メキシコ政府が発表した第5回政府報告書により、過去3年で、58万4,000人以上のメキシコ人が米国から送還されたことがわかった。なお、違法滞在などが発覚し送還された人と、自発的に帰国した人との区別は、公式にはされていない。
メキシコに帰国する送還者は、メキシコの内務省(Secretaría de Gobernación)が2014年3月に立ち上げた支援プログラム、ウィー・アー・メキシカンズ(We Are Mexicans、スペイン語名:ソモス・メヒカノス/Somos Mexicanos)を受けることが可能。同プログラムは、移民者に向けて食料の支援や宿泊施設、輸送サービスなどの提供を行っており、各政府機関に専用施設を設けている。家族や友人・知人に電話をかけることも許可されているという。
また内務省は、米国から送還されたメキシコ人の社会復帰に向けた政策を増強する方針を明らかにした。
国立統計・地理研究所(Instituto Nacional de Estadística y Geografía)による人口統計調査では、2009年から2014年の間に、約100万人のメキシコ人とその家族らが米国からメキシコに帰国したという。米国における調査では、同期間中、87万人以上がメキシコから米国に入国したことも明らかになった。

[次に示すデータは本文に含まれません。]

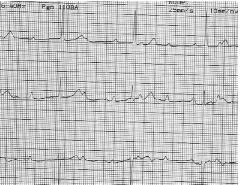 Complete -AVB Large variability in Clinical presentation (asymptomatic-mild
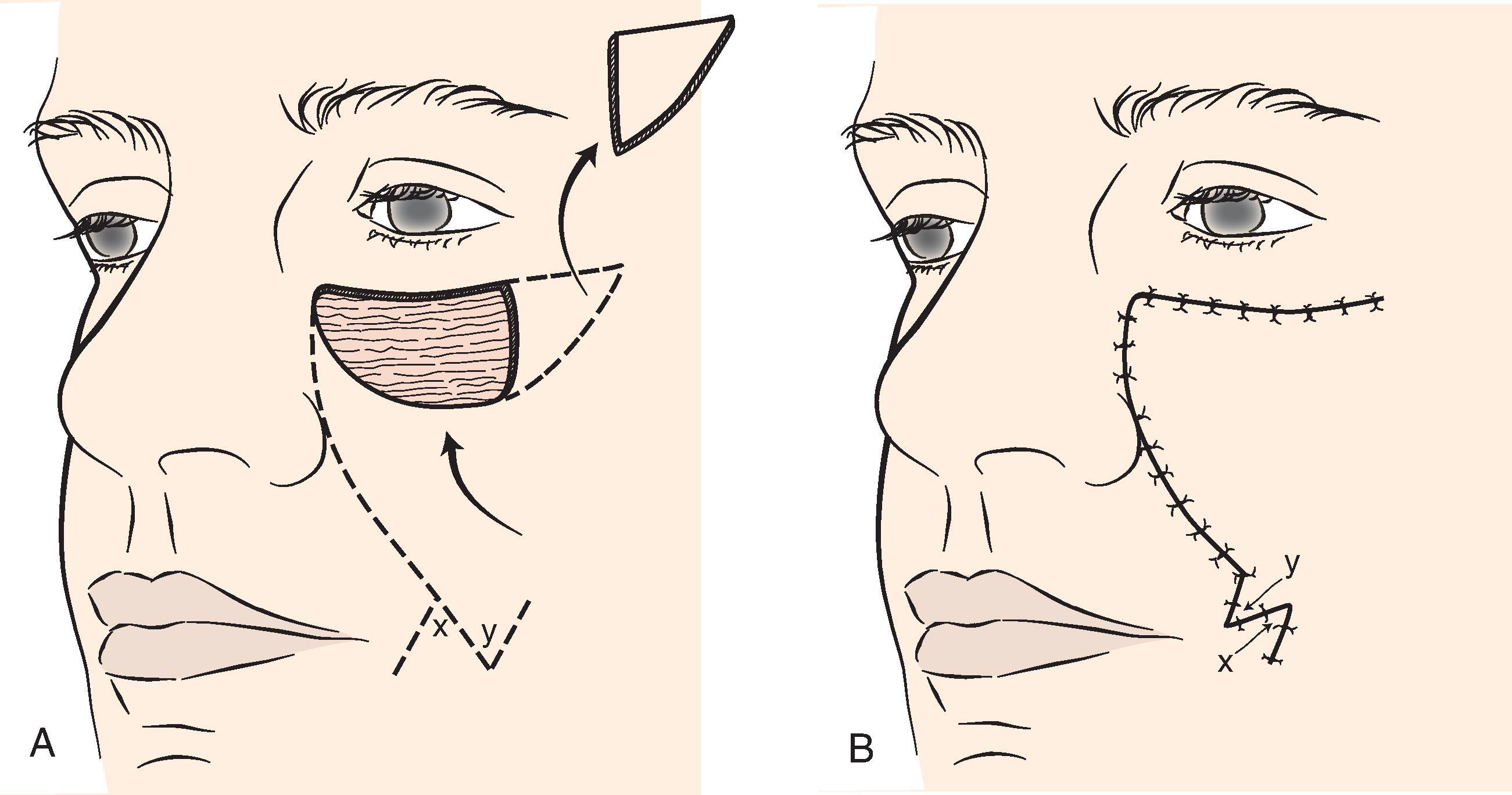 FIG. 12.2, A , B , When used to repair skin defects of superomedial cheek, melolabial advancement flaps are usually designed with single long incision placed in or parallel to melolabial crease. Skin is undermined lateral to crease.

米国ワシントンD.C.を拠点とし、社会問題や人種などの意見調査を行う研究所ピュー・リサーチ・センター(Pew Research Center)は、在米メキシコ人の数よりメキシコへ帰国する数の方が多いと伝えた。また、米国の出入国管理局によると、中米からの移民者が増加している一方、メキシコの移民者は減少傾向にあるという。